* **DIRECTIONS**
Here the answer must be the exact run of lines from the line holding "Framed Close-up of" to the end of the material below, and nothing else.

◇ ◇ ◇

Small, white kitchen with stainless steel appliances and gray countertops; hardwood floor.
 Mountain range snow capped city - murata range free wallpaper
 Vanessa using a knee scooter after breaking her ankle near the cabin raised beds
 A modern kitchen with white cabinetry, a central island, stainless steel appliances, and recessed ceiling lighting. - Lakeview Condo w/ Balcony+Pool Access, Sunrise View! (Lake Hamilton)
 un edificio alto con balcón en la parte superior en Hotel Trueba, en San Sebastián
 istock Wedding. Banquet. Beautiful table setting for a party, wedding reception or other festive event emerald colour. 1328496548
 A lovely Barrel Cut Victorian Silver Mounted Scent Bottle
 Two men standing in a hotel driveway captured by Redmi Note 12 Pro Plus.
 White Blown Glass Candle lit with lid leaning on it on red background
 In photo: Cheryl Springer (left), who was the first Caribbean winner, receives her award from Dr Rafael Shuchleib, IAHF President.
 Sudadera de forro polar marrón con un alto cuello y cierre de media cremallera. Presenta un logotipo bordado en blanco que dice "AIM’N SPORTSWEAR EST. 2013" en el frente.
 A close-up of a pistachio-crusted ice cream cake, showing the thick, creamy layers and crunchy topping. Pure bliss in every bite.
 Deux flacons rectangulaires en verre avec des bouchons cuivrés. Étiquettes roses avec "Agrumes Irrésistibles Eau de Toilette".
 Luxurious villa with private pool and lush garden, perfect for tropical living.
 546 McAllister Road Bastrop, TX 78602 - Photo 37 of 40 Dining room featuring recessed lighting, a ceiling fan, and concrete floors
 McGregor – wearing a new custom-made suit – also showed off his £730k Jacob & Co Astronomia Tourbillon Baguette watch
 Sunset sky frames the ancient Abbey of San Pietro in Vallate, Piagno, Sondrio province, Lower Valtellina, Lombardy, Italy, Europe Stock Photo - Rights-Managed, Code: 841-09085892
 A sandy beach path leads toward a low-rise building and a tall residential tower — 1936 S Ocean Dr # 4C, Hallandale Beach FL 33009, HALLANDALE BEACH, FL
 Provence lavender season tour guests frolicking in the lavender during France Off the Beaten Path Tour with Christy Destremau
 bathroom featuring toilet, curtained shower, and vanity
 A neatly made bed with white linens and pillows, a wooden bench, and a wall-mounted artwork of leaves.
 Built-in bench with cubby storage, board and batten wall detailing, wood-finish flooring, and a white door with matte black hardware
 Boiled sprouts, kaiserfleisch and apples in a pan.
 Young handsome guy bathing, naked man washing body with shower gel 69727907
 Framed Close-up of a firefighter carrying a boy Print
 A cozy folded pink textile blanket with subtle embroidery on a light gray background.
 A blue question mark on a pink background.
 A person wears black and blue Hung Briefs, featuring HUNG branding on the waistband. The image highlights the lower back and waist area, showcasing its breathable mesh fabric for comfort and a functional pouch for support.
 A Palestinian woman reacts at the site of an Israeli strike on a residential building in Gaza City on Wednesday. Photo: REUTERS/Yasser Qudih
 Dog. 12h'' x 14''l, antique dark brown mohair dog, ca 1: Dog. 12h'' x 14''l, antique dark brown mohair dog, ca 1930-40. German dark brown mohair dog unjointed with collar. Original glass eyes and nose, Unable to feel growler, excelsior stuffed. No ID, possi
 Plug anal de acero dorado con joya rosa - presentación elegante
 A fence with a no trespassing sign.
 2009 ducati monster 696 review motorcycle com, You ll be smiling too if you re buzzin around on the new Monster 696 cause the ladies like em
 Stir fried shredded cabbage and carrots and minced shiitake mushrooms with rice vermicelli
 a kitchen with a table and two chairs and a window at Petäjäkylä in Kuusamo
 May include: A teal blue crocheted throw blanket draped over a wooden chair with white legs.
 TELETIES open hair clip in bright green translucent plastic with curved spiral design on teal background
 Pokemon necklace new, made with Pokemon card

◇ ◇ ◇

* **SOLUTION TO THIS TASK**
 Framed Close-up of a firefighter carrying a boy Print
 A cozy folded pink textile blanket with subtle embroidery on a light gray background.
 A blue question mark on a pink background.
 A person wears black and blue Hung Briefs, featuring HUNG branding on the waistband. The image highlights the lower back and waist area, showcasing its breathable mesh fabric for comfort and a functional pouch for support.
 A Palestinian woman reacts at the site of an Israeli strike on a residential building in Gaza City on Wednesday. Photo: REUTERS/Yasser Qudih
 Dog. 12h'' x 14''l, antique dark brown mohair dog, ca 1: Dog. 12h'' x 14''l, antique dark brown mohair dog, ca 1930-40. German dark brown mohair dog unjointed with collar. Original glass eyes and nose, Unable to feel growler, excelsior stuffed. No ID, possi
 Plug anal de acero dorado con joya rosa - presentación elegante
 A fence with a no trespassing sign.
 2009 ducati monster 696 review motorcycle com, You ll be smiling too if you re buzzin around on the new Monster 696 cause the ladies like em
 Stir fried shredded cabbage and carrots and minced shiitake mushrooms with rice vermicelli
 a kitchen with a table and two chairs and a window at Petäjäkylä in Kuusamo
 May include: A teal blue crocheted throw blanket draped over a wooden chair with white legs.
 TELETIES open hair clip in bright green translucent plastic with curved spiral design on teal background
 Pokemon necklace new, made with Pokemon card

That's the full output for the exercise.